- Bagley Location within Shropshire
- Population: 4,621 (2011)
- OS grid reference: SJ494135
- Unitary authority: Shropshire;
- Ceremonial county: Shropshire;
- Region: West Midlands;
- Country: England
- Sovereign state: United Kingdom
- Post town: Shrewsbury
- Postcode district: SY1
- Dialling code: 01743
- Police: West Mercia
- Fire: Shropshire
- Ambulance: West Midlands
- UK Parliament: Shrewsbury;

= Bagley, Shrewsbury =

Area of Shrewsbury, England

Bagley is an area of Shrewsbury, county town of Shropshire. It is part urban, part rural and extends out from the town centre in a northwest direction. Though not clearly defined, it is often regarded as including Coton Hill, Greenfields and Gravelhill.
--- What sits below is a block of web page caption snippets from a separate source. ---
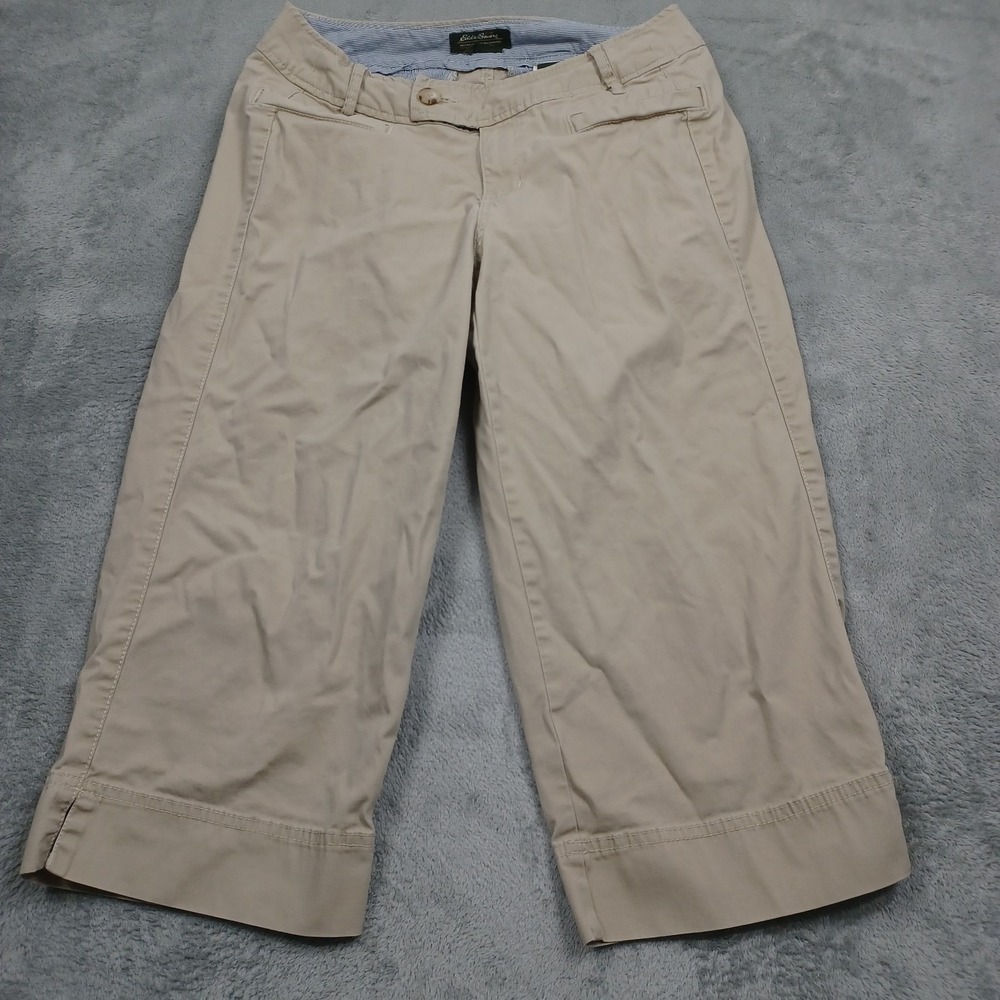 Eddie Bauer Pants Womens 8 Brown Blakely Capri Pockets Casual Outdoor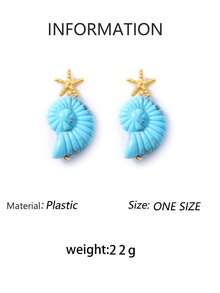 1 Pair Summer Ocean Natural Vacation Style Conch Shell Starfish Shell Earrings For Women, Lightweight Luxury Personalized Casual Versatile - Ocean-themed Earrings - View 15
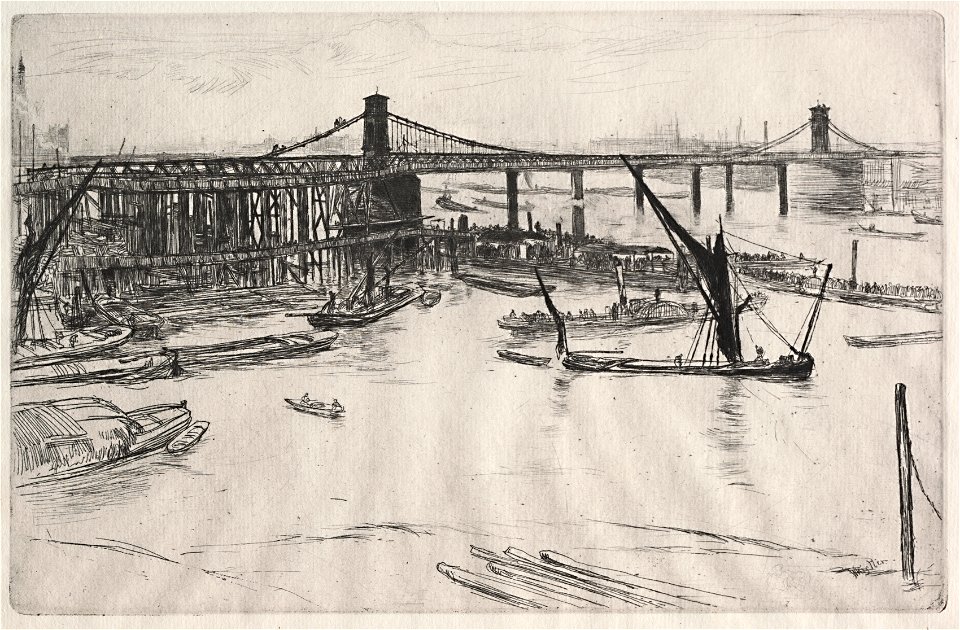 James McNeill Whistler (American, 1834-1903) - Old Hungerford Bridge - 1961.302 - Cleveland Museum of Art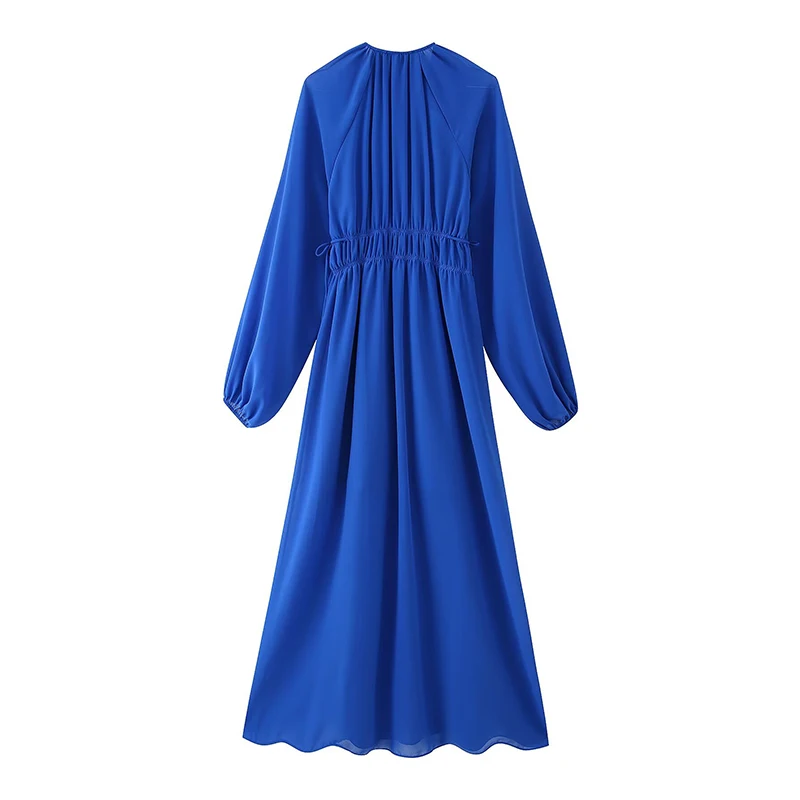 YENKYE 新しい女性ヴィンテージ弾性ウエストブルーロングドレスパフスリーブ V ネック A ラインホリデーカジュアルドレス秋マキシ Vestidos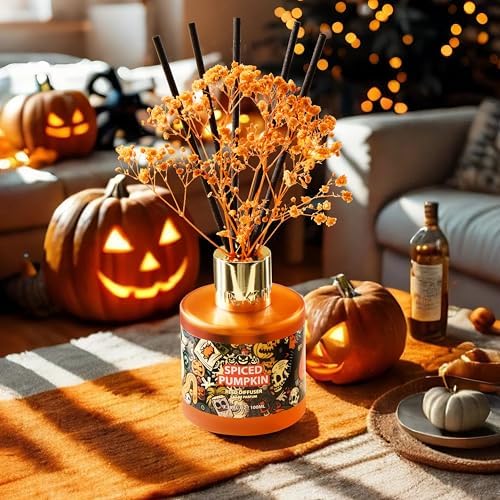 Airkeep Halloween Reed Diffuser Set,3.38 fl oz (100 ml) - Spiced Pumpkin Oil Diffusers with 8 Reed Sticks, Home Fragrance Reed Diffuser for Bathroom Shelf Decor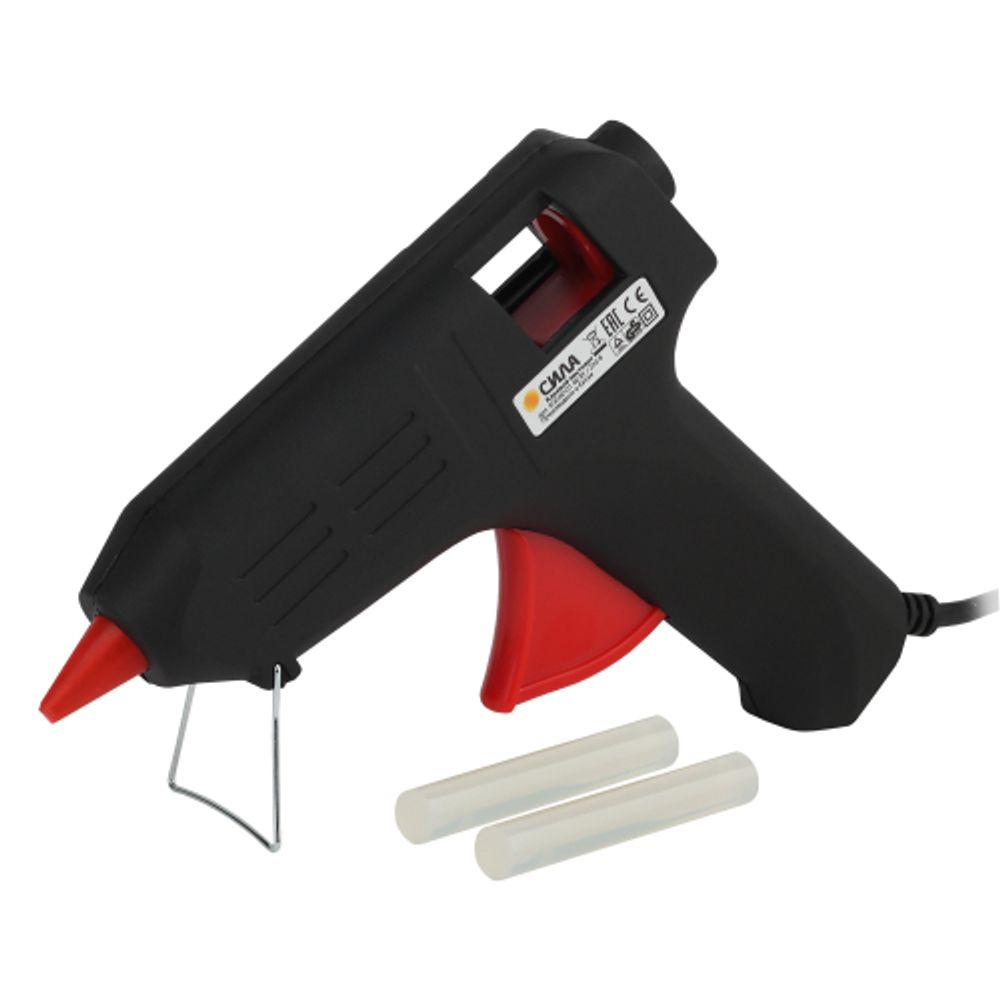 Термопистолет клеевой СИЛА SGG40-01 40Bт под стержень 11мм в комплекте 11мм х 7cм 2 шт. | Сила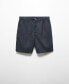 Фото #1 товара Men's 100% Linen Bermuda Drawstring Shorts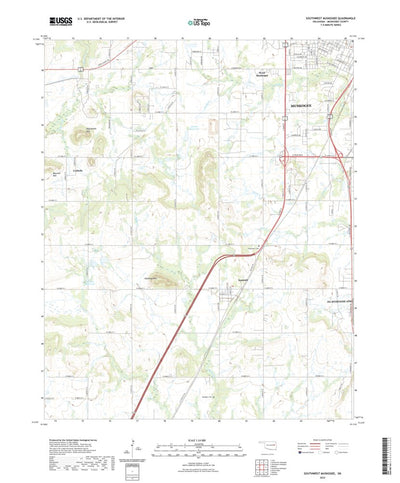 United States Geological Survey Southwest Muskogee, OK (2022, 24000-Scale) digital map
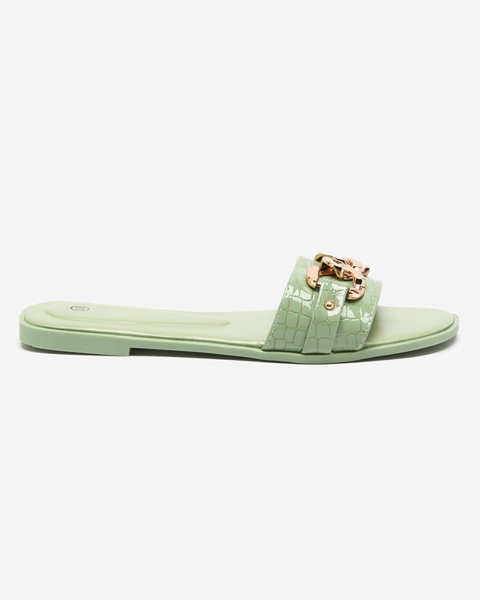 Zelené dámske papuče s kovovou retiazkou Meritala - Obuv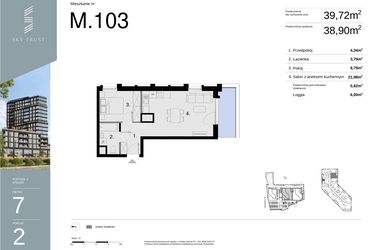 Rzut - Mieszkanie na sprzedaż 2 pokoje o powierzchni 39,72 m² - numer M103 w Sky Trust etap II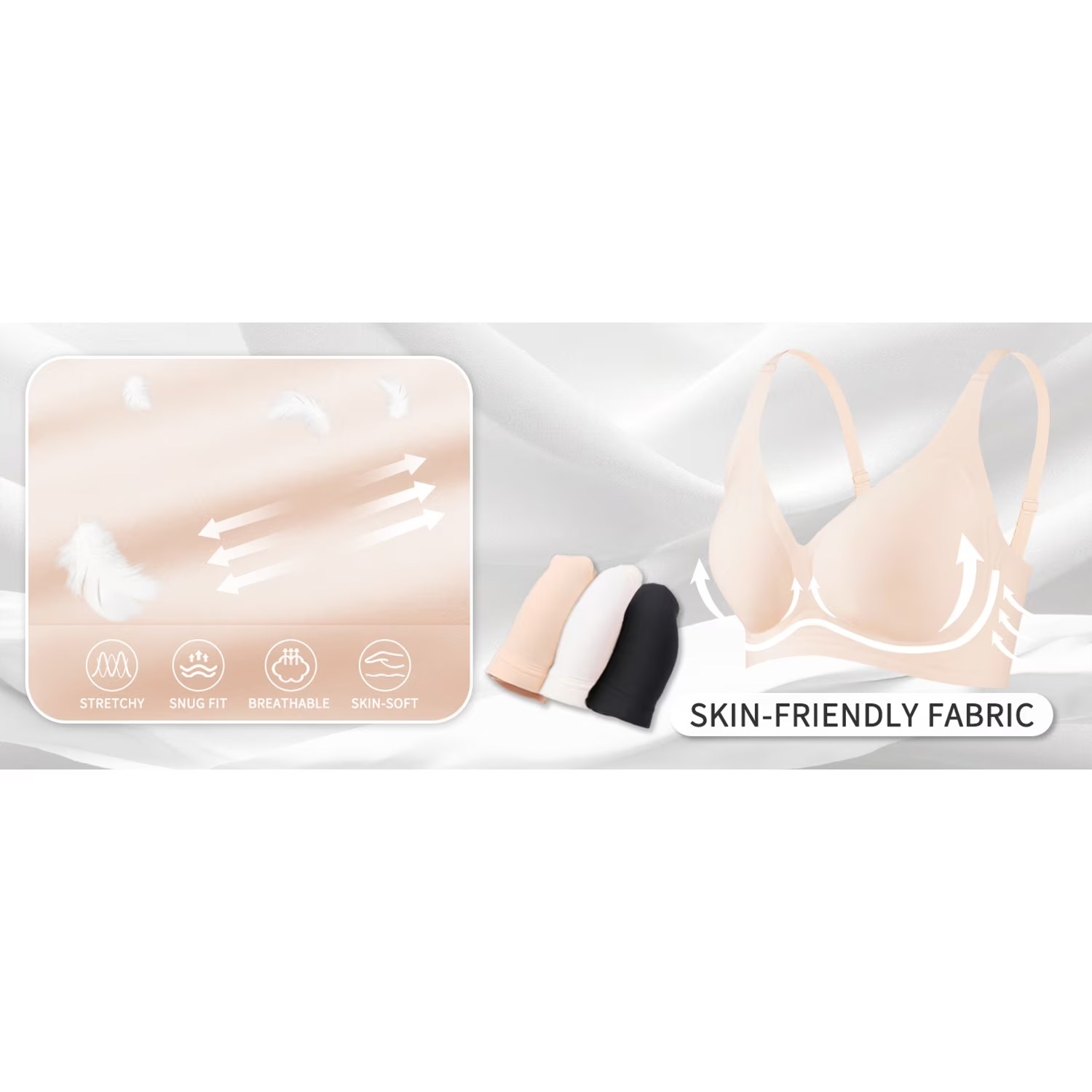 Women's Jelly Gel Bra, Seamless Wireless Full-Coverage T-Shirt Bra with Gentle Lift, Wirefree Everyday Support, S-3XL Qeldulk - 图片 9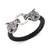 Wolf Head Leather Braided Bracelet in Stainless Steel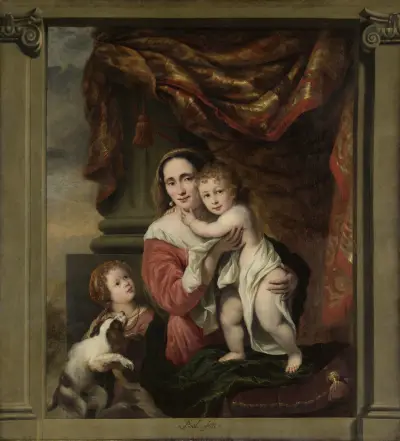 Caritas; Joanna de Geer (1629-1691) with her Children Cecilia Trip (1660-1728) and Laurens Trip (b. 1662) av Ferdinand Bol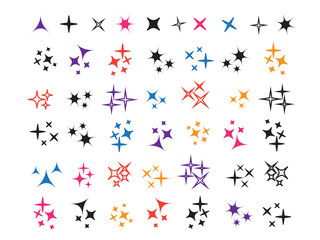 Sparkles icon set. Star element. Sparkle lights vector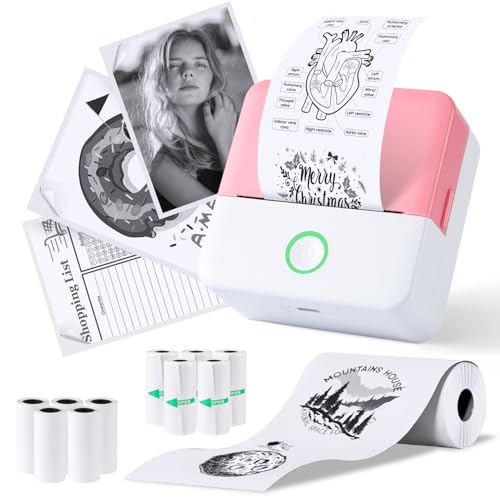 PRAOAHEI Mini Drucker, Tragbarer Fotodrucker mit 10 Rollen Druckerpapier,...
The Shropshire Agricultural Showground is located between Coton Hill and Gravelhill.

Bagley is a Shropshire Council electoral division, which until 2009 included Coton Hill and the town centre of Shrewsbury. It now covers a smaller area, though includes the northern half of the Mount Pleasant housing estate. The same area covered by the electoral division also forms the town council ward of Bagley.

It is named after the Bagley Brook which flows through the area and into the River Severn at Chester Street. Parts of the area are prone to flooding. On a small estate in the area named Herongate the positioning of the old river can be seen.

As of 2009 a new housing development ("Ellesmere Grange") is taking place on former railway land off Ellesmere Road. In future further housing development is expected to take place in the Bagley area, on both brownfield and greenfield land.